Мечта консерватора — это бесконфликтные отношения как с государством, так и с другими гражданами, в первую очередь ради того, чтобы избежать смуты, которая может привести к потере его главной ценности — частной собственности.

Он ревностно оберегает свое личное пространство и требует от государства того же, взамен гарантируя абсолютный самоконтроль при принятии свободных решений. Таким образом, между индивидом и властью признаются исключительно отношения vinculum juris (лат. «правовые узы»). Если каждый гражданин, думает консервативный человек, будет контролировать себя и принимать свободные решения, в обществе установится равновесие различных интересов и желанная стабильность.

Как в своей личной, так и в политической жизни консерватор с опаской смотрит на обновления, которые приходят вместе с законами. Последние, на его взгляд, должны отражать текущие изменения в жизни общества, коррелировать с ними, но ни в коем случае не предварять их. Чтобы реконструировать или даже слегка модифицировать установленный порядок, необходим весомый повод, а законы, принятые не в соответствии с консервативными алгоритмами, — это уже не законы, а посягательство на свободу и стабильность.

Потому-то консерваторы и считают, что политика — деятельность не для молодых, и не из-за их неопытности, а из-за предпочтений и взглядов, свойственных юности. Ничто не заключено в статичную форму и не определено заранее; все возможно и привлекательно.

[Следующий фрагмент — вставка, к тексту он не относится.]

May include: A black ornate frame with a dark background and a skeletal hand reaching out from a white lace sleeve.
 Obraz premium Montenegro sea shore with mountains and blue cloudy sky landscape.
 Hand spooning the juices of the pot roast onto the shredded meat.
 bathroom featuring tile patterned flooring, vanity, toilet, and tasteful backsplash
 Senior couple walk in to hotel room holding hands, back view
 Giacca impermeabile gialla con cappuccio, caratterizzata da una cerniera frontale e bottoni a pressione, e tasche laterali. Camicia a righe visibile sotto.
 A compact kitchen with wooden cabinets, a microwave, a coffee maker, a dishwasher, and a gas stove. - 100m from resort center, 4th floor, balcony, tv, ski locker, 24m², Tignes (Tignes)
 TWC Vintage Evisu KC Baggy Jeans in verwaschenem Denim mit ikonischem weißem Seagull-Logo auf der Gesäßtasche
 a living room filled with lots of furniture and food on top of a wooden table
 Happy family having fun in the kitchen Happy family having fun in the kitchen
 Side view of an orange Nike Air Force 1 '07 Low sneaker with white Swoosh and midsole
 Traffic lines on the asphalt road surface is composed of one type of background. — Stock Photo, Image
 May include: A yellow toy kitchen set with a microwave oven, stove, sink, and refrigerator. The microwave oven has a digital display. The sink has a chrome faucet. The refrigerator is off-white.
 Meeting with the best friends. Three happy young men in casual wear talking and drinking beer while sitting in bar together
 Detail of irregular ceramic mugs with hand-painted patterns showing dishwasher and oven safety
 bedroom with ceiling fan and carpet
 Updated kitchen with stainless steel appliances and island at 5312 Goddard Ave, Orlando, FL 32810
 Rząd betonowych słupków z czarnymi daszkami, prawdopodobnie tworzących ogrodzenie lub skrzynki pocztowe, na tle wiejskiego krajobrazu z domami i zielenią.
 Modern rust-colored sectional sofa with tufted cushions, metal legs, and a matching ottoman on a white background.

Мир — это зеркало, отражающее желания — но, к сожалению, не последствия.

Беззаботно и с энтузиазмом шагая в новый день, молодые люди совершенно не чувствуют груза ответственности за свои решения. Именно такие упреки мы часто слышим от старшего поколения.

Однако все рассуждения о влиянии консервативного мышления на современную нам действительность кажутся голословными без конкретных примеров. Последние президентские выборы в США прошли два года назад, а отголоски возмущения и недоумения по поводу их результатов слышны до сих пор. Победу кандидату от Республиканской партии Дональду Трампу обеспечила популистская консервативная повестка (и своеобразная избирательная система в США, но это уже другая история).

Для традиционно «красных» штатов: Юга, Среднего Запада и Аляски — сирена к мобилизации прозвучала еще в 2008 году, когда Барак Обама с его левой программой пришел к власти в первый раз. Он посягнул на ценности, которые в консервативной парадигме святы и неприкосновенны. Здесь и увеличение федеральных расходов, и усиление государственного контроля, и попытки национализировать часть экономики через реформу здравоохранения. Свобода, как рыночная, так и личностная, концепция «ограниченного правительства» вдруг оказались под угрозой. Все это повлекло за собой волну консервативных протестов, самым масштабным из которых стало «Движение чаепития» в марте 2010 года.

Надо ли говорить, что почва для популистских высказываний Трампа, находящих отклик у электората, была более чем благодатной. Пообещав оберегать традиционные ценности, чтить букву закона и гарантировав неприкосновенность частной собственности, 45-й президент США завоевал свою аудиторию, необходимую для рокового исхода выборов.